> Description of the task: Your answer must be the exact lines below, starting with the line with "Bærbar computer på et bord med grøntsager" and going on through the line with "Guess jeans with", both included, with no pictures.

> Records supplied:
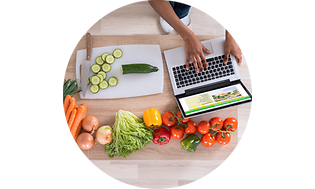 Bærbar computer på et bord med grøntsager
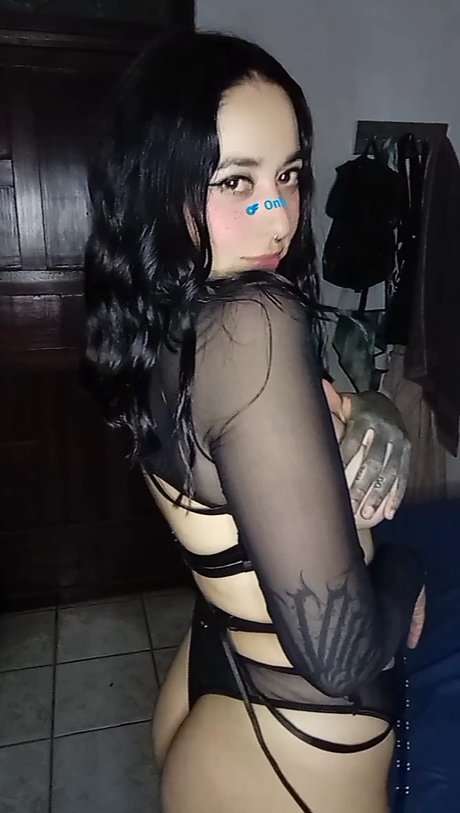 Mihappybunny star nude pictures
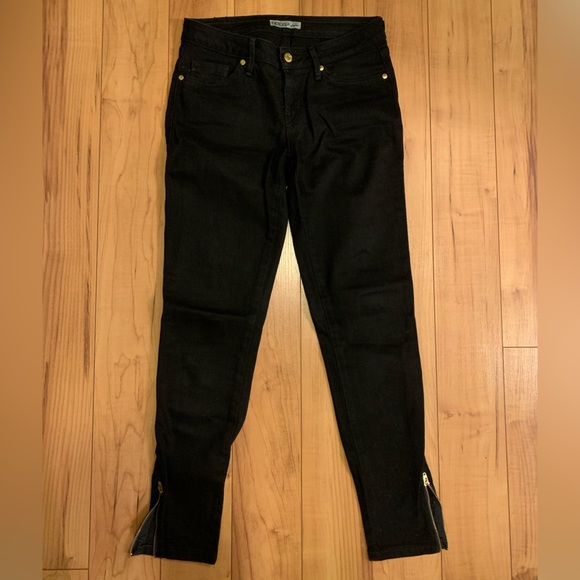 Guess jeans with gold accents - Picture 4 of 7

...

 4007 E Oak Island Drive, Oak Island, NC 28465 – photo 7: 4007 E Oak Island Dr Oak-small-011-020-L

--

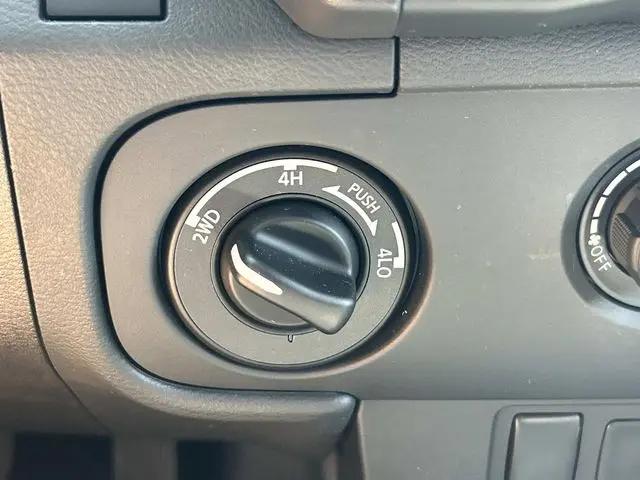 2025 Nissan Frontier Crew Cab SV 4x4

> Task output:
 Bærbar computer på et bord med grøntsager
 Mihappybunny star nude pictures
 Guess jeans with gold accents - Picture 4 of 7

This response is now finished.